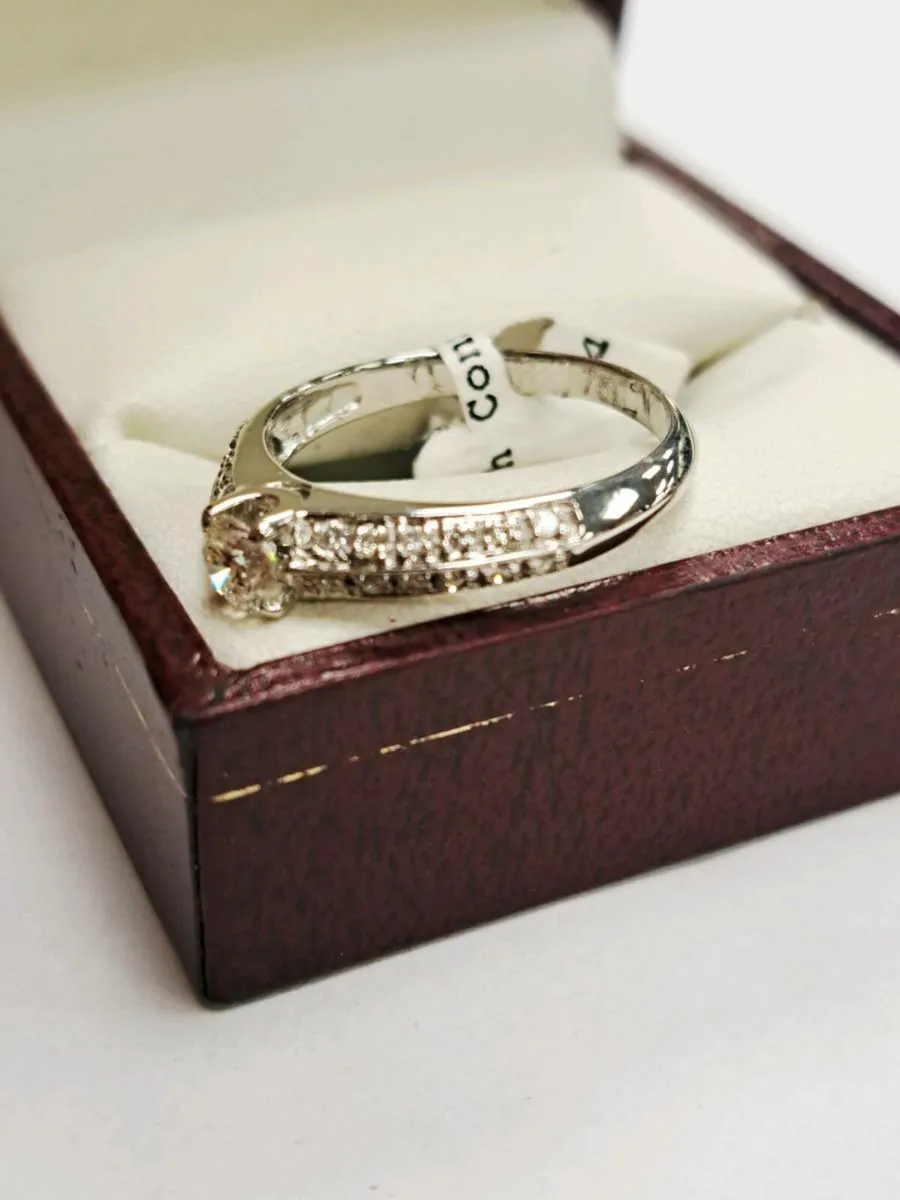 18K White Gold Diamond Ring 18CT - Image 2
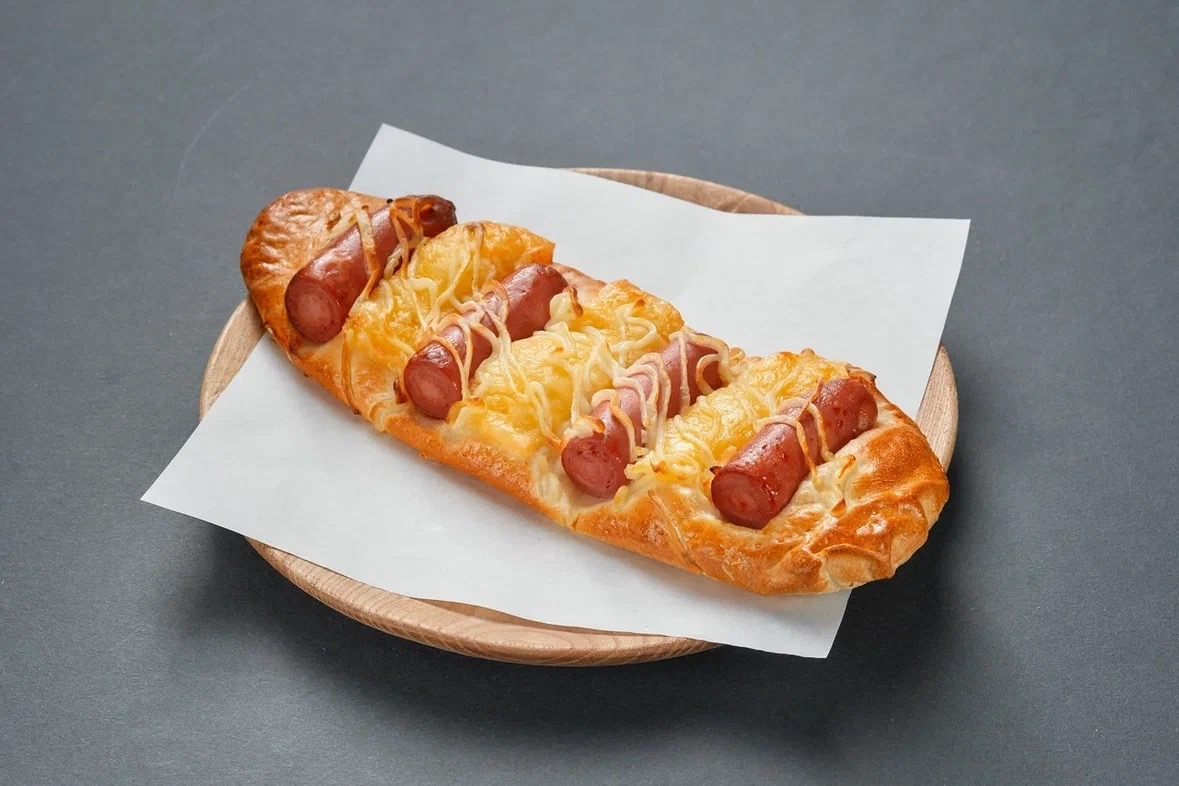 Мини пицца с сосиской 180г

---+---

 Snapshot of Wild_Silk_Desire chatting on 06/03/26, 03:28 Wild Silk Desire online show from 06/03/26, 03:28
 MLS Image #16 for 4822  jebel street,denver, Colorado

---+---

What is expected: In the records above, find the line with "18K White Gold Diamond Ring 18CT - Image 2" and the line with "Мини пицца с сосиской 180г". Write out exactly those lines and every one between, with no pictures and no other lines.

Output of the task:
 18K White Gold Diamond Ring 18CT - Image 2
 Мини пицца с сосиской 180г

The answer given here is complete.